In today’s trading environment, tools of the past century are often “lost in the sauce” of modern technical tools. Day, scalp and swing traders pay close attention to every tick and their related patterns to enter and exit trades. Being a Position Trader, there are primary tools we rely upon to first determine the long term direction of markets we trade. Understand that when it’s time to enter a trade, we use the same dynamic “Order Flow” tools all traders use; we just don’t trade as often as they do.
When looking at the worldwide macroeconomic environment, one of the tools we use is the S&P 500 P/E ratio. Right now the ratio suggests we are “Fairly Valued”. When the COVID-19 pandemic took flight in the first quarter of 2020 the ratio was “Deeply Undervalued” and we turned bullish. In October 2021, after every Tom, Dick & Harry became expert traders due to Robinhood and the likes appearing, the ratio became “Deeply Overvalued” and we turned bearish. We’re still there.

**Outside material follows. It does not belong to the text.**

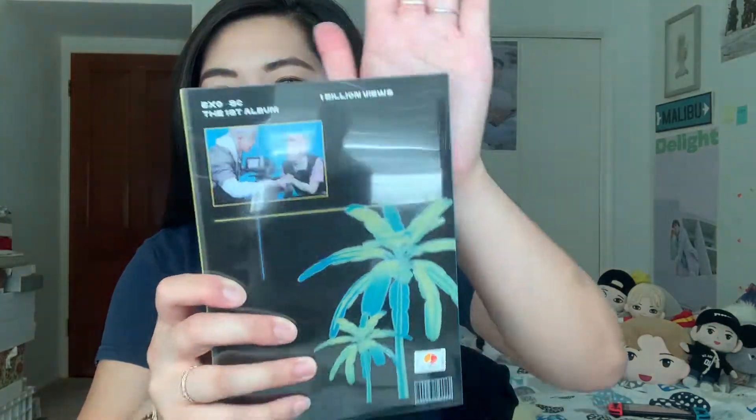So happy! It's been a long time coming — it's been about three weeks since the album released, and now I have my own. So let's do it. This is the Paradise version. Here's the front, and this is the back. You slide it through to open it and take the cover off.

One of the reasons for remaining bearish is the S&P 500 P/E Ratio Forward Estimate. Upon first glance it may appear that this number suggest we are heading towards the “undervalued’ segment of the curve, a correct observation but there’s more to this static number than meets the eye. The question becomes how undervalued we’ll get.
We are about to enter “earnings season” and the numbers are about to change. We expect earnings to disappoint. Keep in mind that estimates have been reduced by the big brokerage firms. This allows corporations reporting to “beat their numbers” but once reported the effect on the forward ratio will remain negative; reported earnings reflect a static number that when calculated doesn’t take into consideration the prior reduced estimates were exceeded. They are just lower.
We next believe that forecasts, forward statements of reporting corporations will be negative. We’ve all been patiently waiting for the ‘recession’ to start and without the shenanigans of the Biden administration and the Federal Reserve as related to the latest banking crisis, it would have happened. But there’s no hiding from the effect of higher interest rates, drained liquidity and more worldwide chaos going forward. With that in mind we’re looking for the ratios to slip further.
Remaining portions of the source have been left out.